Our newest windfarm, Tucannon River, is the first energy project in the nation to win the Envision Sustainable Infrastructure Gold Award from the Institute of Sustainable Infrastructure. This award was based on PGE's contributions related to quality of life, leadership, resource allocation, the natural world, and climate risk.
Our other windfarm, Bigelow Canyon, earned a Safety and Health Achievement Recognition award, referred to as SHARP, from the Oregon Occupational Safety and Health division. This is the first time a wind project has qualified for SHARP certification in Oregon, and only the second wind project in the United States.
Also we enrolled -- also we opened enrollment on a new renewable power option that enables customers to purchase output from a new 3 megawatt solar installation in the Willamette Valley, providing a way for more customers to support solar generation. And finally, our dispatchable standby generation program passed the 100 megawatt mark. This cost-effective customer program helps meet regulatory requirements for non-spending reserves. I am very proud of these achievements.

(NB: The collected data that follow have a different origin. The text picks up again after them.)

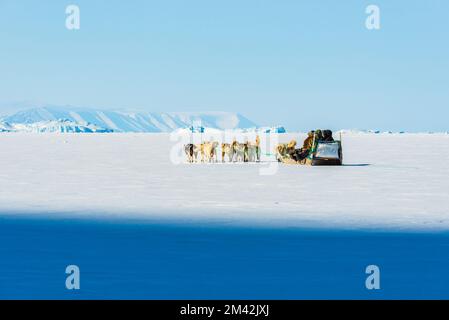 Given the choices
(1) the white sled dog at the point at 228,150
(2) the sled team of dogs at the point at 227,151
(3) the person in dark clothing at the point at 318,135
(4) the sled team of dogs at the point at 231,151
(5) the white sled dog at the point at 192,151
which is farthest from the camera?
(1) the white sled dog at the point at 228,150

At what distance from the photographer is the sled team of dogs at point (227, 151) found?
1276 inches

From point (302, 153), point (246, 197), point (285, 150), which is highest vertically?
point (285, 150)

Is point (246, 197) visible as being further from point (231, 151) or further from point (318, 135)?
point (231, 151)

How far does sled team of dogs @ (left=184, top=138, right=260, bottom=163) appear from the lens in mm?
32406

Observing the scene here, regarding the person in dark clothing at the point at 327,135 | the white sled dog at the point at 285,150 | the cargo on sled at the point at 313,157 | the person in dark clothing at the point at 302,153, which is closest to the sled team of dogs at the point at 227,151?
the white sled dog at the point at 285,150

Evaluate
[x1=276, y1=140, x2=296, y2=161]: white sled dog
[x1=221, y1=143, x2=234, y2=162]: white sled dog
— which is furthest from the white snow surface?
[x1=221, y1=143, x2=234, y2=162]: white sled dog

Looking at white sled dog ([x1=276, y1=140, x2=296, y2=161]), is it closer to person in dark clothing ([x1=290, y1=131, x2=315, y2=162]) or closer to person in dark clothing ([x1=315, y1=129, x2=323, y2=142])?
person in dark clothing ([x1=290, y1=131, x2=315, y2=162])

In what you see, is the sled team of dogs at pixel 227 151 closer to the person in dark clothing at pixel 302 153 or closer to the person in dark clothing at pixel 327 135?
the person in dark clothing at pixel 302 153

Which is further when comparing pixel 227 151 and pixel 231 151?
pixel 227 151

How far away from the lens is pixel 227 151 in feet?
111

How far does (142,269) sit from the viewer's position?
7.99 metres

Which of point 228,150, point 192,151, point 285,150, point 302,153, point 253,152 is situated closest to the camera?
point 302,153

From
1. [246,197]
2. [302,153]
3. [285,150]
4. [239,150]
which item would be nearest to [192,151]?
[239,150]

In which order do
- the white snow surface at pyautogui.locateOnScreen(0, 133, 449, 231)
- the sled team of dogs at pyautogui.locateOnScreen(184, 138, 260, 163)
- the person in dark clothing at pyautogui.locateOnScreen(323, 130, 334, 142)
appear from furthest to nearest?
the sled team of dogs at pyautogui.locateOnScreen(184, 138, 260, 163)
the person in dark clothing at pyautogui.locateOnScreen(323, 130, 334, 142)
the white snow surface at pyautogui.locateOnScreen(0, 133, 449, 231) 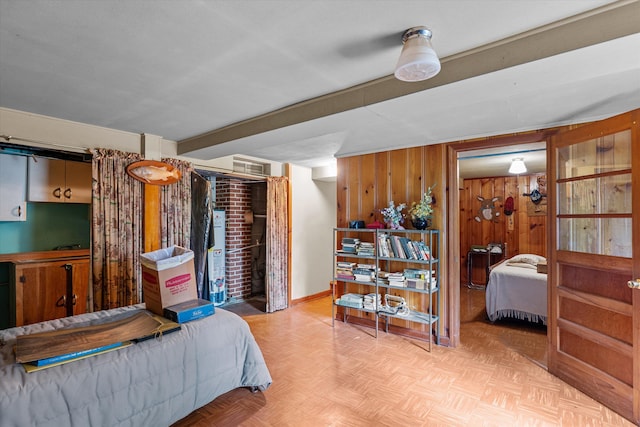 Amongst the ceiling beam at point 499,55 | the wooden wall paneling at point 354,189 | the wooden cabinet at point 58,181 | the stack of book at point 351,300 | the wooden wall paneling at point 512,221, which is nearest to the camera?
the ceiling beam at point 499,55

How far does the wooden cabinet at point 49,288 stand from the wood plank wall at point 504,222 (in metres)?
6.37

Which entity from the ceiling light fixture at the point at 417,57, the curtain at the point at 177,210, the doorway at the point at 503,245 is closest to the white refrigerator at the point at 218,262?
the curtain at the point at 177,210

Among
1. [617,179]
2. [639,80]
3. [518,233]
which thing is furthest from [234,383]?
[518,233]

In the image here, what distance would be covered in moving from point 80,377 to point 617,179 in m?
3.61

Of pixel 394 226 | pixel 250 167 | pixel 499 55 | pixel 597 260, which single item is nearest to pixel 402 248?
pixel 394 226

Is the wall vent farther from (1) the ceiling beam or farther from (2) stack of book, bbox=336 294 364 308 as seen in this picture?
(2) stack of book, bbox=336 294 364 308

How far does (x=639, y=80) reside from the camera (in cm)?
198

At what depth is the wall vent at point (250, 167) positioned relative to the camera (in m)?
4.48

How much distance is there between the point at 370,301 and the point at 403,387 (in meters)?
1.27

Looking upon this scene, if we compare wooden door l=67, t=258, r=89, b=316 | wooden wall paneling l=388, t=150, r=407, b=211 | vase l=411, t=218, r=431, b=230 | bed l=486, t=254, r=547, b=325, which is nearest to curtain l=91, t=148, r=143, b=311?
wooden door l=67, t=258, r=89, b=316

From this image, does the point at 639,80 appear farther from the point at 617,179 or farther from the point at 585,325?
the point at 585,325

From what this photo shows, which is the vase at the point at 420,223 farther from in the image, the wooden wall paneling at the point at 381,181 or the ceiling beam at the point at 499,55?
the ceiling beam at the point at 499,55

Now turning to slide 6 for an update on our Carty Generating Station. On December 18, we declared Abeinsa, our engineering procurement and construction contractor on Carty, in default under multiple provisions of the Carty construction agreement, and we terminated the agreement. As part of the original construction agreement, PGE required Abeinsa to provide a performance bond to guarantee satisfactory completion of the project in the event Abeinsa failed to fulfill their contractual obligations.
The performance bond was provided by two sureties -- Liberty Mutual Maturity, and Zurich North America -- for $145.6 million. Following termination of the construction agreement, PGE, in consultation with the sureties, brought on new contractors, and construction resumed during the week of December 21, 2015. Currently, we estimate the total capital expenditures for Carty will be in the range of $620 million to $655 million, including AFDC, and before considering any amounts received from the sureties under the performance bond. And we are targeting an in-service date in July of 2016.
The prior Carty construction estimate of $514 million in capital costs, including AFDC, was approved by the Oregon Public Utility Commission in the 2016 general rate case. We are currently in discussions with the sureties regarding their obligations under the performance bond. And we believe they have an obligation under the performance bond to contribute funds towards completing the Carty project.
In the event the total cost incurred by PGE for Carty, less any amounts received from the sureties under the performance bond, exceeds the OPUC approved amount of $514 million, or the plant is delayed past July 31, 2016, the Company would pursue one or more avenues for regulatory recovery.
With regard to an update on the actual construction, all major components are on-site, and there are currently more than 700 construction workers on-site, representing key contractors, including Day & Zimmermann, Sargent & Lundy, and Black & Veatch.
Now let's move to slide 7, where we provide a summary of the Company's current capital expenditure forecast from 2016 to 2020. These amounts potentially could be augmented with incremental investment related to natural gas supply, system reliability, and operational efficiencies that provides value to our customers. In addition, the graph does not include any potential capital projects from the outcome of our 2016 integrated resource planning process. We will continue to provide updates on our capital expenditure forecast in future earnings calls.
Turning to slide 8, Oregon continues to exhibit several positive economic trends. First, unemployment in Oregon in December was 5.4%, and approaching the range considered full employment. Unemployment in our service area was even lower, at 4.7%, and compares favorably to the US unemployment rate of 5%.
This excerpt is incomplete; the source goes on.